HOW TO COMPLETE THIS TASK
Apart from the images, output the data below exactly.

GIVEN MATERIAL

- - - - -

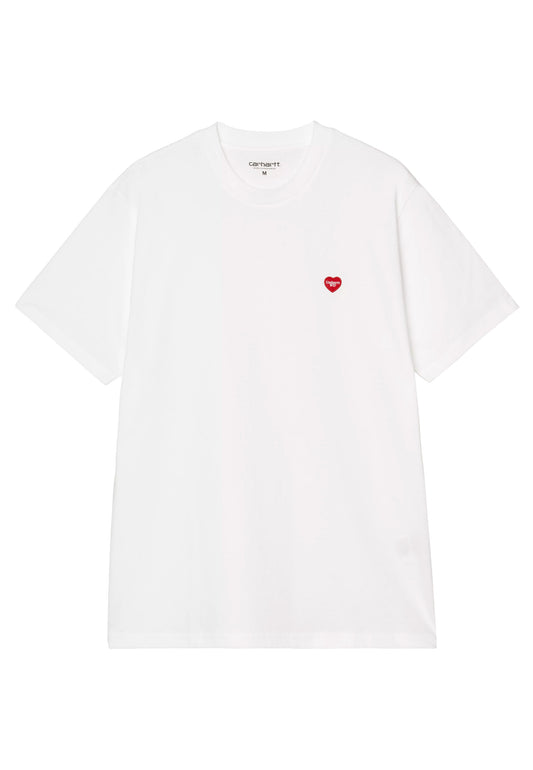 I037116.1WZXX.03 -  - CARHARTT WIP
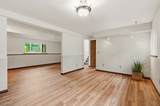 7606 Woodcrest Avenue - Photo 23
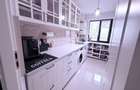 2 camere 51 mp / Mobilat /Loc parcare intabulat– Capat Păcurari /Rediu - 13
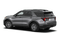 2026 Ford Explorer Active w/200A Pkg 4WD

- - - - -

ANSWER SPACE
 I037116.1WZXX.03 -  - CARHARTT WIP
 7606 Woodcrest Avenue - Photo 23
 2 camere 51 mp / Mobilat /Loc parcare intabulat– Capat Păcurari /Rediu - 13
 2026 Ford Explorer Active w/200A Pkg 4WD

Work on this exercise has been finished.